En s'en prenant implicitement à l'immobilisme supposé de François Hollande face à l'ampleur prise par la crise syrienne, Nicolas Sarkozy fait écho à "la frustration générale ressentie devant tant d'impuissance", analyse Pierre Rousselin dans Le Figaro. Et l'ancien président, fer de lance du front anti-Kadhafi en Libye, "de brandir la nécessaire intervention au nom de la libération des peuples opprimés. La cause est noble, Sarkozy en use", commente Philippe Palat dans le Midi libre. Mais "en laissant croire (...) que la France pourrait intervenir de son propre chef", Nicolas Sarkozy "passe le mur du son de la démagogie", dénonce Maurice Ulrich dans L'Humanité, qui fustige un "De Gaulle à la petite semaine". Pour La République des Pyrénées, sous la plume de Jean-Marcel Bouguereau, "Sarkozy vient conforter la tactique estivale de l'UMP" consistant à "stigmatiser la ‘passivité’ de François Hollande". Daniel Ruiz, dans les colonnes de La Montagne, estime surtout qu'il "énonce une contre-vérité lorsqu'il affirme que la situation en Syrie est comparable à celle qui avait conduit à la chute de Kadhafi à Syrte"."
"Une influence désormais réduite"
"Sarkozy relève d'ailleurs des ‘similitudes’ entre les deux crises, "mais il omet les différences", insiste dans Le Courrier Picard Didier Louis, qui fait le distinguo "entre deux dictateurs : l'un, Kadhafi, essoufflé et isolé ; l'autre, Al-Assad, loin d'être désarmé" et entre deux "contextes géo-politiques : le veto russe et chinois rend toute résolution impossible en Syrie, ce qui n'était pas le cas en Libye". Pour Daniel Ruiz, "sans doute cherche-t-il ainsi à faire oublier que s'il n'avait pas aussi outrageusement pris des libertés avec la résolution du Conseil de sécurité sur l'intervention en Libye, les Russes seraient aujourd'hui moins crispés sur la défense du boucher Assad".

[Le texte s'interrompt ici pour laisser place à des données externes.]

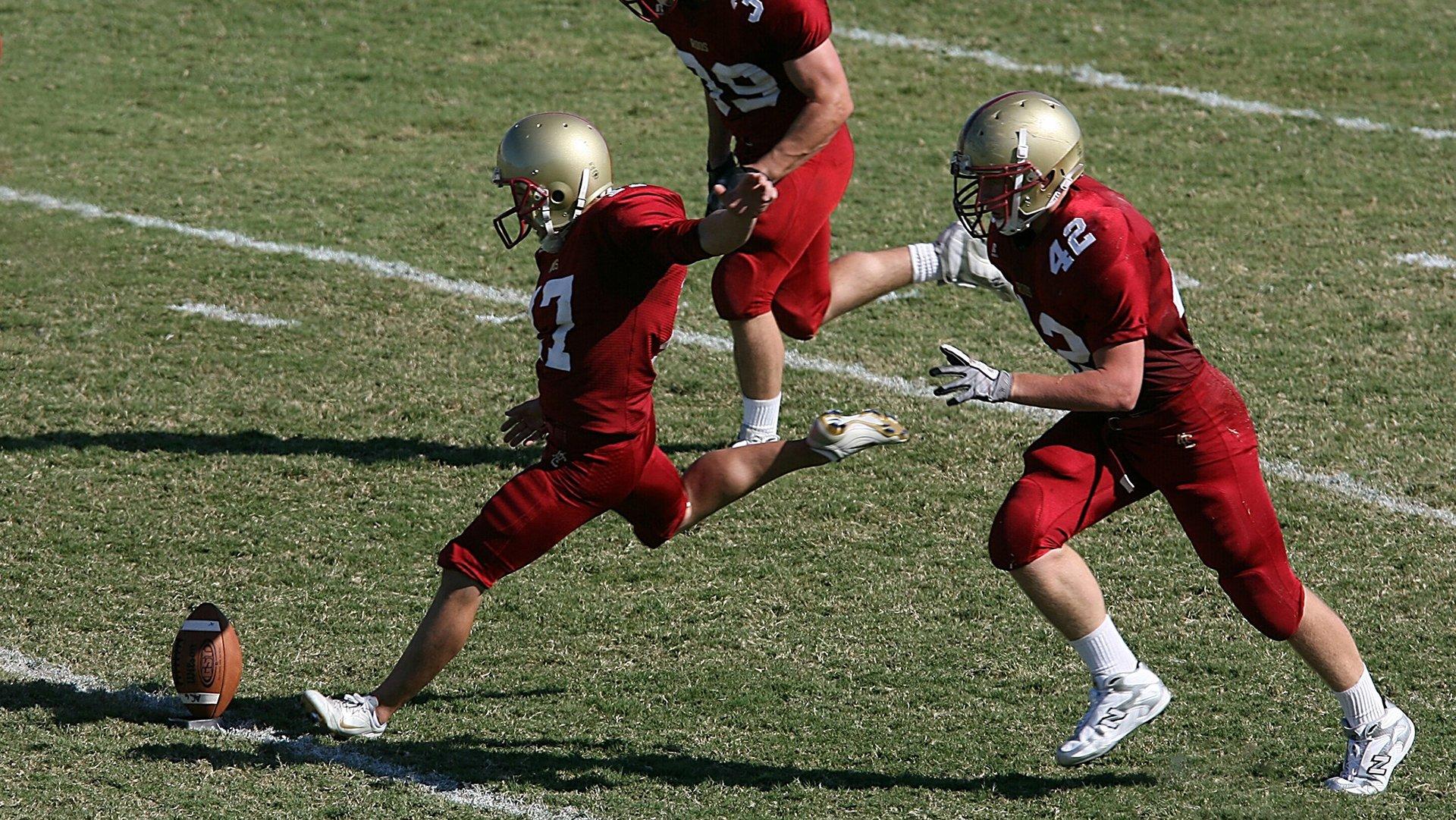 意甲劲旅瞄准红军锋线猛将 转会传闻搅动夏窗市场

Christophe Lucet observe d'ailleurs dans Sud-Ouest que "l'ex-président se garde d'ailleurs de parler d'action armée" et "sait que, si son avis compte, son influence est désormais réduite". "A l'Elysée, il faisait dans l'hyper-présidence ; le voici reconverti dans la diplomatie parallèle" mais, "en réalité, tout ceci ressemble fort à de la gesticulation, dont la Syrie ne serait qu'un objet annexe: Sarkozy ne veut-il pas d'abord se rappeler au souvenir des Français... et à celui de l'UMP ?", demande perfidement Patrick Fluckiger dans L'Alsace.
Ces réserves émises par la presse font suite aux réactions virulentes du Parti socialiste. Mercredi, Martine Aubry avait accusé l'UMP et Nicolas Sarkozy de tenir des propos "irresponsables". Ce jeudi, c'est au tour de Laurent Fabius de s'étonner que M. Sarkozy "souhaite susciter une polémique sur un sujet aussi grave, alors qu'on attendrait autre chose de la part d'un ancien président".